[Records drawn from a dataset]
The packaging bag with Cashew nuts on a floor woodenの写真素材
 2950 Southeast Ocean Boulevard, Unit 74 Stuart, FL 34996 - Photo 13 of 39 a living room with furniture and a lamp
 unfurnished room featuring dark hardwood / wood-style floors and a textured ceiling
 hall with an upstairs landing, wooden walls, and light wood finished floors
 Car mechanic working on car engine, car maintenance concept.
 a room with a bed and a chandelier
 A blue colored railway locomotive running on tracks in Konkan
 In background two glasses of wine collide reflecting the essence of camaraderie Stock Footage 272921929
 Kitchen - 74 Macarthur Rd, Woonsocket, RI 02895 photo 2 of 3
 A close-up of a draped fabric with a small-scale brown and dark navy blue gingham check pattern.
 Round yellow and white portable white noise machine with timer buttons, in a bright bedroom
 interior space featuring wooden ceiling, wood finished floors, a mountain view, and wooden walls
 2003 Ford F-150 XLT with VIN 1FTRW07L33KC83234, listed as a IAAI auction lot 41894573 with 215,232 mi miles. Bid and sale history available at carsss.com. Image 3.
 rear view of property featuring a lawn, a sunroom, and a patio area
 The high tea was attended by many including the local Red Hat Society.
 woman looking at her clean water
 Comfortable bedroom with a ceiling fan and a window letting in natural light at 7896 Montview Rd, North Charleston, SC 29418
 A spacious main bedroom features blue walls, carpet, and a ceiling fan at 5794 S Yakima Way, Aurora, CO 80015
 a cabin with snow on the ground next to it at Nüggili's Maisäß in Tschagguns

_What is required_: Exactly as they stand above, write out all the entries again.

_Answer below_:
The packaging bag with Cashew nuts on a floor woodenの写真素材
 2950 Southeast Ocean Boulevard, Unit 74 Stuart, FL 34996 - Photo 13 of 39 a living room with furniture and a lamp
 unfurnished room featuring dark hardwood / wood-style floors and a textured ceiling
 hall with an upstairs landing, wooden walls, and light wood finished floors
 Car mechanic working on car engine, car maintenance concept.
 a room with a bed and a chandelier
 A blue colored railway locomotive running on tracks in Konkan
 In background two glasses of wine collide reflecting the essence of camaraderie Stock Footage 272921929
 Kitchen - 74 Macarthur Rd, Woonsocket, RI 02895 photo 2 of 3
 A close-up of a draped fabric with a small-scale brown and dark navy blue gingham check pattern.
 Round yellow and white portable white noise machine with timer buttons, in a bright bedroom
 interior space featuring wooden ceiling, wood finished floors, a mountain view, and wooden walls
 2003 Ford F-150 XLT with VIN 1FTRW07L33KC83234, listed as a IAAI auction lot 41894573 with 215,232 mi miles. Bid and sale history available at carsss.com. Image 3.
 rear view of property featuring a lawn, a sunroom, and a patio area
 The high tea was attended by many including the local Red Hat Society.
 woman looking at her clean water
 Comfortable bedroom with a ceiling fan and a window letting in natural light at 7896 Montview Rd, North Charleston, SC 29418
 A spacious main bedroom features blue walls, carpet, and a ceiling fan at 5794 S Yakima Way, Aurora, CO 80015
 a cabin with snow on the ground next to it at Nüggili's Maisäß in Tschagguns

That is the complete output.